For Americans, this is worrisome news. The emergence of significant nationalism was inevitable in Russia; the real surprise is that it took this long. Although few want to return to the Soviet past, the 1991 collapse and the subsequent events–including an American foreign policy that demanded great concessions from the Russians but offered little in return–left many Russians longing for some sense of the national greatness and international respect they felt as part of the USSR. Russia’s relationship with its former adversary, the United States, will be part of how that greatness will be defined, however, and we should expect to hear demands from the Russian parliament that Moscow take a stronger hand in dealing with Washington. Still, this new and potentially more hawkish Duma supermajority is now beholden to Putin. They will have to take their lead from him, and not vice versa. This is a small comfort, but since Putin has shown little inclination to move to a more adversarial foreign policy, his power over the parliamentary majority may be a moderating factor.

There is some good news, however. First, United Russia polled about 35 percent, and a good chunk of that support got taken from the Communists, who saw their numbers cut in half on Sunday. While there is reason to be skeptical, and even concerned, about United Russia, it is long past time to move the Soviet-era retread Communists (who control the Duma and its speakership for now) off the political stage. Although the democratic parties were also trounced, it is important to recall that they always get trounced. Since the Soviet collapse, Russia’s democrats of various stripes have been lackluster campaigners, with a considerable streak of arrogance toward ordinary voters who don’t care to be lectured on the finer points of macroeconomics. (David Remnick once described liberal economist Egor Gaidar running for office as if he were campaigning to become head of the math department.)

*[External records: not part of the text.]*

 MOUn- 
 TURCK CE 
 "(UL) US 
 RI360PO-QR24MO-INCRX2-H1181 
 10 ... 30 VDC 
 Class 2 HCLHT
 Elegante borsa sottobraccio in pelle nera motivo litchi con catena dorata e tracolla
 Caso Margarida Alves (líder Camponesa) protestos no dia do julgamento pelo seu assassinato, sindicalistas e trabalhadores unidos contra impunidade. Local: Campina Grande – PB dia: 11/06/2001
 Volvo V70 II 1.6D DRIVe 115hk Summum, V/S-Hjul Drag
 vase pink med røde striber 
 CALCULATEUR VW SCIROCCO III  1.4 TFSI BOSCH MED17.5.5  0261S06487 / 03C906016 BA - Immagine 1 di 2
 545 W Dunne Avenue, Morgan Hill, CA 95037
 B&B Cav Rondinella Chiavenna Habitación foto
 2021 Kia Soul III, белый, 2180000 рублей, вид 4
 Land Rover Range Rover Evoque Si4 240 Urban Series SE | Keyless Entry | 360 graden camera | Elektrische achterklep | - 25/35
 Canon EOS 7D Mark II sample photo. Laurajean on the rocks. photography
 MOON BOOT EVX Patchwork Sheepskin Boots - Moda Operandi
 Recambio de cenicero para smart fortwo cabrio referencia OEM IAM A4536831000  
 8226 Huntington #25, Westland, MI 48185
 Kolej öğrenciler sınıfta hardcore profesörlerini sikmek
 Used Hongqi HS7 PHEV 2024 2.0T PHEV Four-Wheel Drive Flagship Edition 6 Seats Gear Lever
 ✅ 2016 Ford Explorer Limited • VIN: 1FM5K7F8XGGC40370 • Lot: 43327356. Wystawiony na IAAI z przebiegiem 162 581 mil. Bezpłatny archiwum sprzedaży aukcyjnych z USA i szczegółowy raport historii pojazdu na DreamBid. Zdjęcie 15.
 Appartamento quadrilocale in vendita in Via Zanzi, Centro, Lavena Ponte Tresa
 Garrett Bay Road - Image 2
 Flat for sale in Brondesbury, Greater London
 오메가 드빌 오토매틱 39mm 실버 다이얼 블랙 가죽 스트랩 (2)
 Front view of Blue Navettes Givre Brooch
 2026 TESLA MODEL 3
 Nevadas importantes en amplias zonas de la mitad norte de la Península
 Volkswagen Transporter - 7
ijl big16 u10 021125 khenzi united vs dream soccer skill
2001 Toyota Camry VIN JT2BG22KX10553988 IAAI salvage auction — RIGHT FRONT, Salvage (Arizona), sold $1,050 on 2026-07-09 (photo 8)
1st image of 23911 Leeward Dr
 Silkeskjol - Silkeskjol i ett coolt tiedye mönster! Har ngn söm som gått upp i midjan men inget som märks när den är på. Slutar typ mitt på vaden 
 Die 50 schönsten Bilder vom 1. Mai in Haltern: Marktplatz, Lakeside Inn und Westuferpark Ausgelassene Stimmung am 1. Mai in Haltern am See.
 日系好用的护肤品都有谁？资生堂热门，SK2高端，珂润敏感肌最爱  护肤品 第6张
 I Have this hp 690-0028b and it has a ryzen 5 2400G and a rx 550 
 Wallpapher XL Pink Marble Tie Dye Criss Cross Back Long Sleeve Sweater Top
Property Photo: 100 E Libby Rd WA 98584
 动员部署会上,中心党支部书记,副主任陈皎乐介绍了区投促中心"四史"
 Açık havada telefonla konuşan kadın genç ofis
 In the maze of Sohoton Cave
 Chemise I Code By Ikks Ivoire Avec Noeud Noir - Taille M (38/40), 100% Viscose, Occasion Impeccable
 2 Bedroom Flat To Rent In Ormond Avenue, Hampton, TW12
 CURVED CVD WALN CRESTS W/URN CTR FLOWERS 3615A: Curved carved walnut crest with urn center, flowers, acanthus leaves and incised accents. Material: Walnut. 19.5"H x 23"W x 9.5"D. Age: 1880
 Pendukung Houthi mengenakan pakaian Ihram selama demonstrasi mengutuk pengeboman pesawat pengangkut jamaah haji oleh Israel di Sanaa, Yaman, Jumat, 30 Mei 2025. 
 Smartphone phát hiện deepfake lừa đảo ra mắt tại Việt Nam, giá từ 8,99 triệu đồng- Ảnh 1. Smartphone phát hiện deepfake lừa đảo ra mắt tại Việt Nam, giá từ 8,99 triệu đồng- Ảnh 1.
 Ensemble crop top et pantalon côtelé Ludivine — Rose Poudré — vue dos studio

Also, this was not a referendum on democracy. Russians were not voting for a return to the totalitarian past, although they may have voted for a more authoritarian future, intentionally or otherwise. Mostly, they want order in a country they rightly see as bezpredel, without limits. In a country that has been plagued by the results of 70 years of catastrophic Soviet policies, this is understandable. Unfortunately, they are willing (unwisely) to sacrifice some, but clearly not all, of their civil liberties to get it. So far, however, they seem disinclined to simply trash their democratic institutions or to mortgage away their fundamental human rights, including the right to vote, demonstrate, speak, worship, associate freely, and many others.

In truth, the most worrisome voters are the ones who didn’t go to the polls: Many of them are young people with the most to lose, but they believe that politics is all a farce, and they’re willing to put up with the state’s misbehavior as long as they and their money and jobs are left alone. If Russia’s ten-year experiment with democracy finally comes to a halt in the near future, it will be too late for them to start caring.

As of this writing, United Russia has not made significant comment on Sunday’s victory. When it does, we should pay close attention.

Tom Nichols is chairman of the Department of Strategy and Policy at the U.S. Naval War College, and the author of Winning the World: Lessons for America’s Future from The Cold War. The views expressed are the author’s and not of any agency of the U.S. government.